#### Required action
Return the lines that run from the line containing "Imagem de Livro - QUANDO AS LAGRIMAS ROLAM" through the end of the entries, both ends included. Leave out all pictures.

#### Information shown
____________________
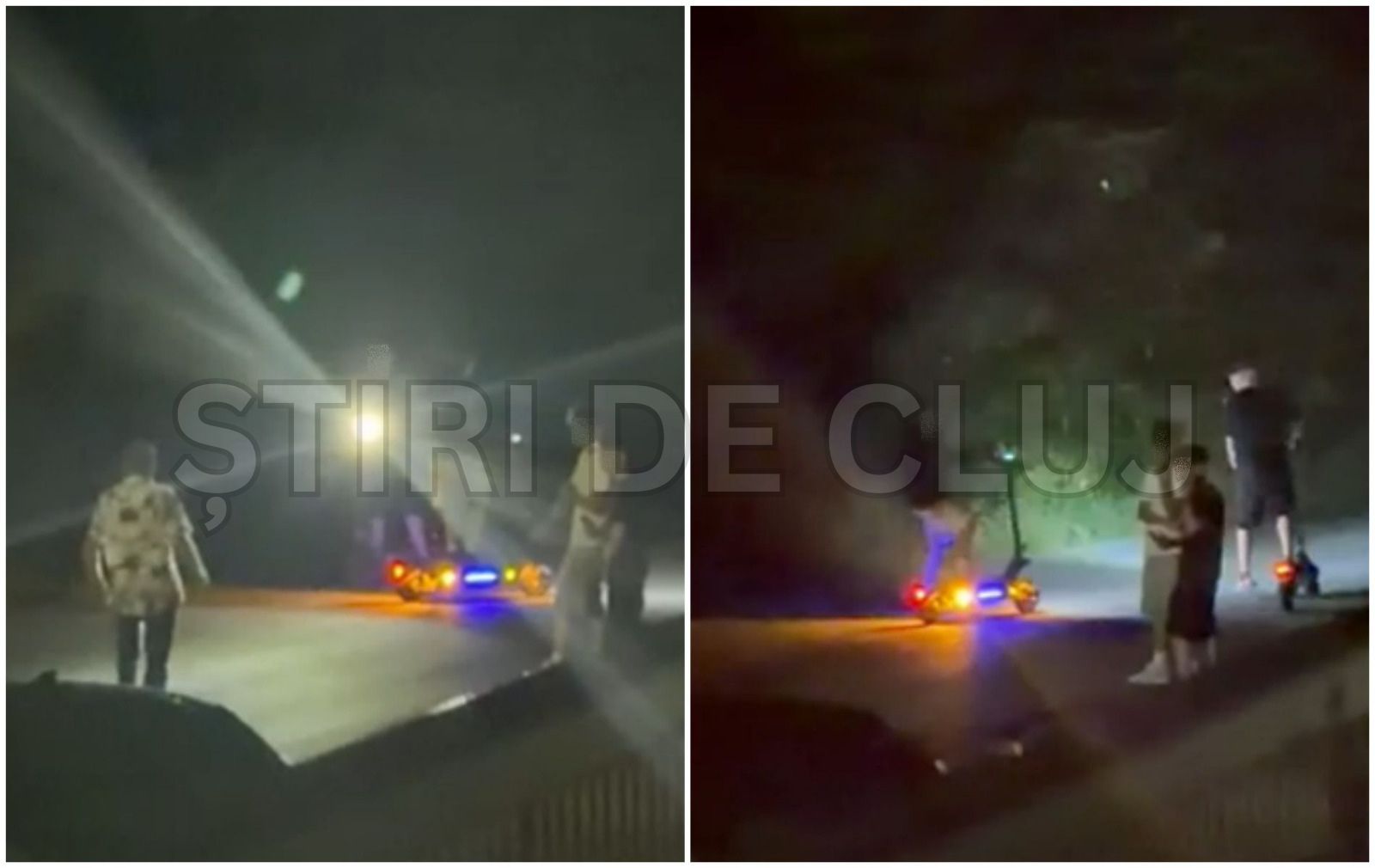 VIDEO. Scene șocante în Cluj-Napoca. Un bărbat în vârstă, umilit și amenințat cu un cuțit de un grup de tineri 3 VIDEO Scene socante in Cluj Napoca Un barbat in varsta umilit si amenintat cu un cutit de un grup de tineri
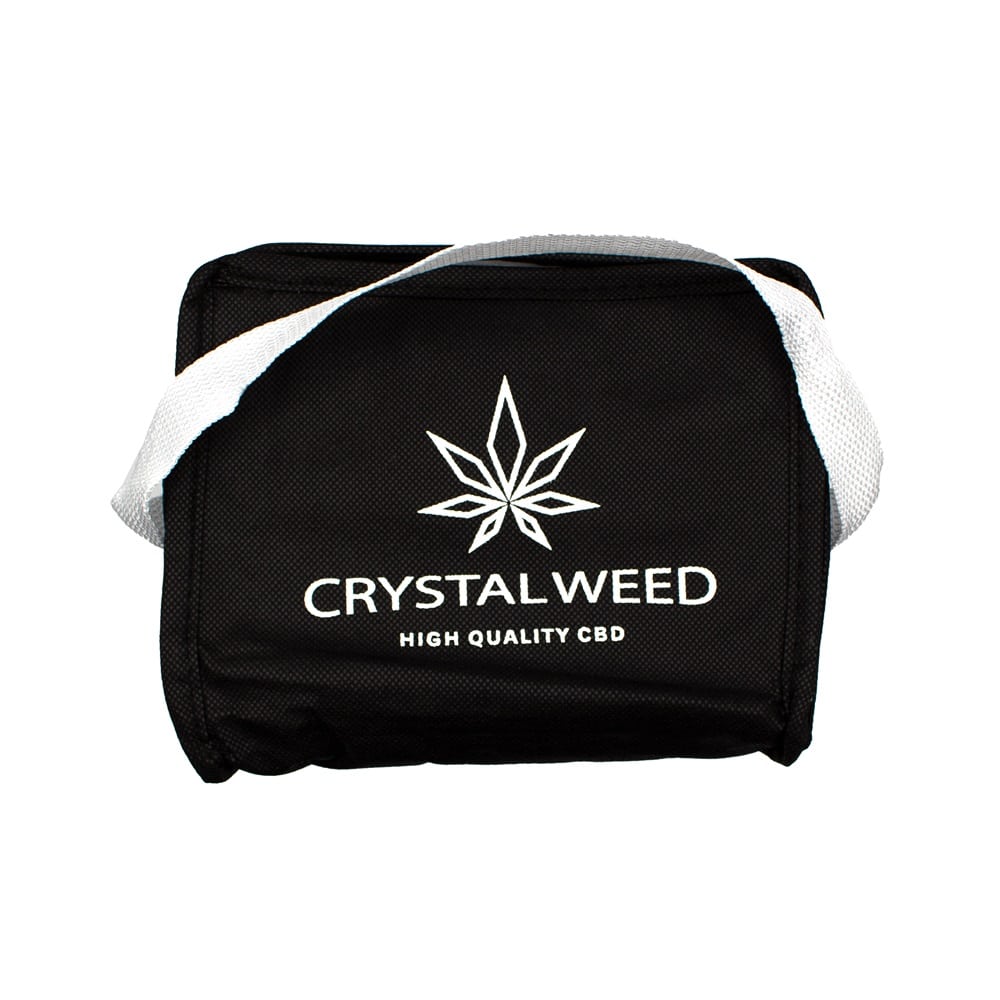 Borsa termica Crystalweed
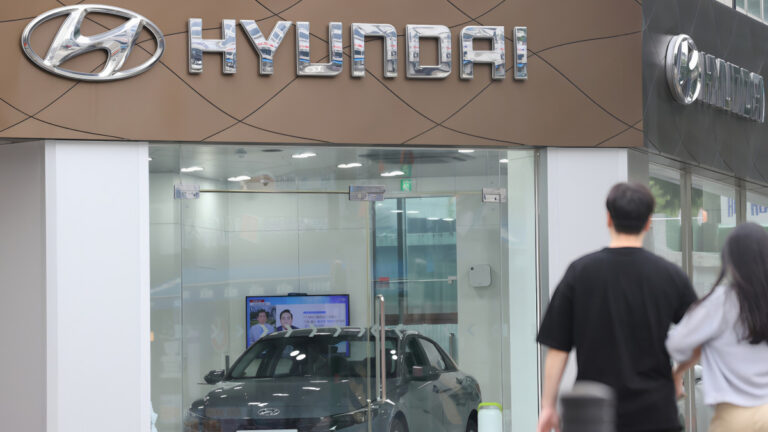 2030 New Car Share Drops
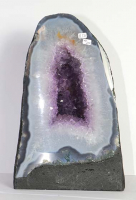 Amethyst-Druse Nr. 254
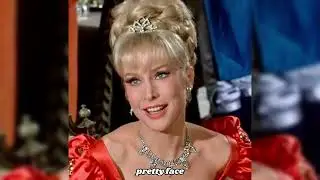 Barbara Eden Young Bikini Moments Spark Outrage &mdash; Make Sure You're Alone Before Looking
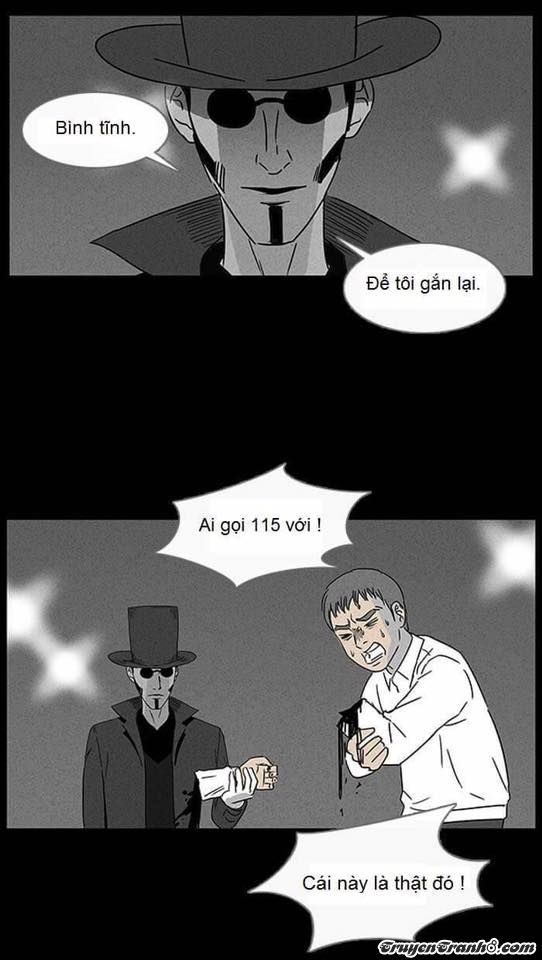 Những Câu Chuyện Bất Thường Chapter 17 - Trang 2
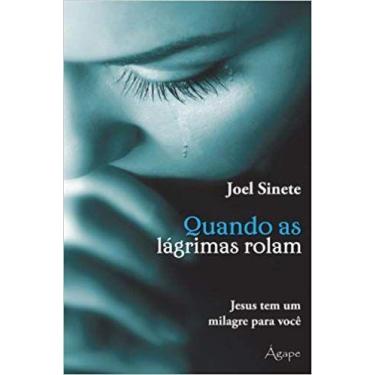 Imagem de Livro - QUANDO AS LAGRIMAS ROLAM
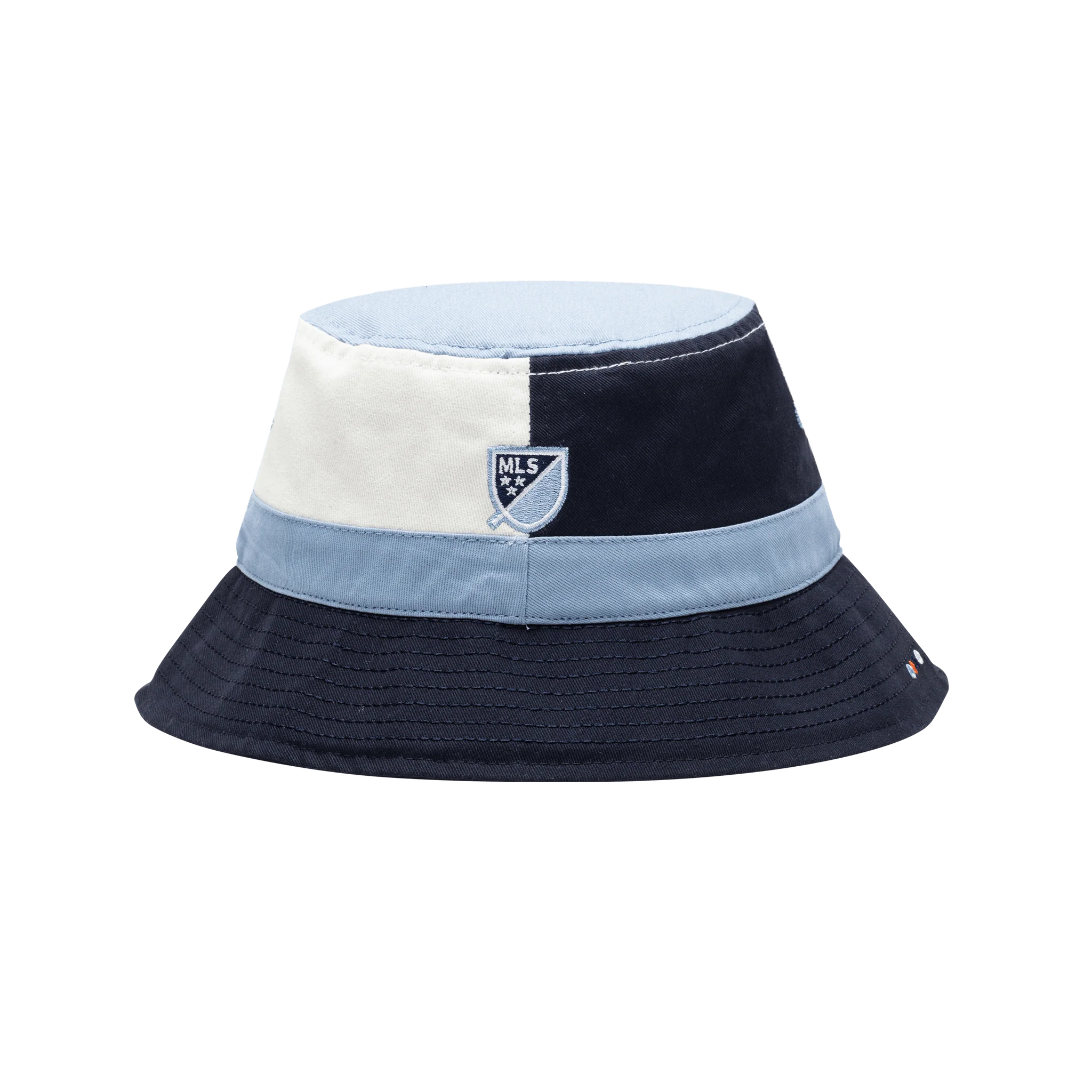 Fan Ink New York City FC Marina 2.0 Bucket Hat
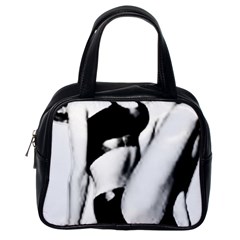 Pinup Girl Classic Handbag (one Side) by StarvingArtisan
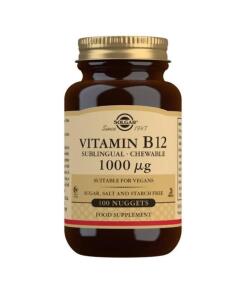 Solgar - B12-vitamin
____________________
#### Task result
 Imagem de Livro - QUANDO AS LAGRIMAS ROLAM
 Fan Ink New York City FC Marina 2.0 Bucket Hat
 Pinup Girl Classic Handbag (one Side) by StarvingArtisan
 Solgar - B12-vitamin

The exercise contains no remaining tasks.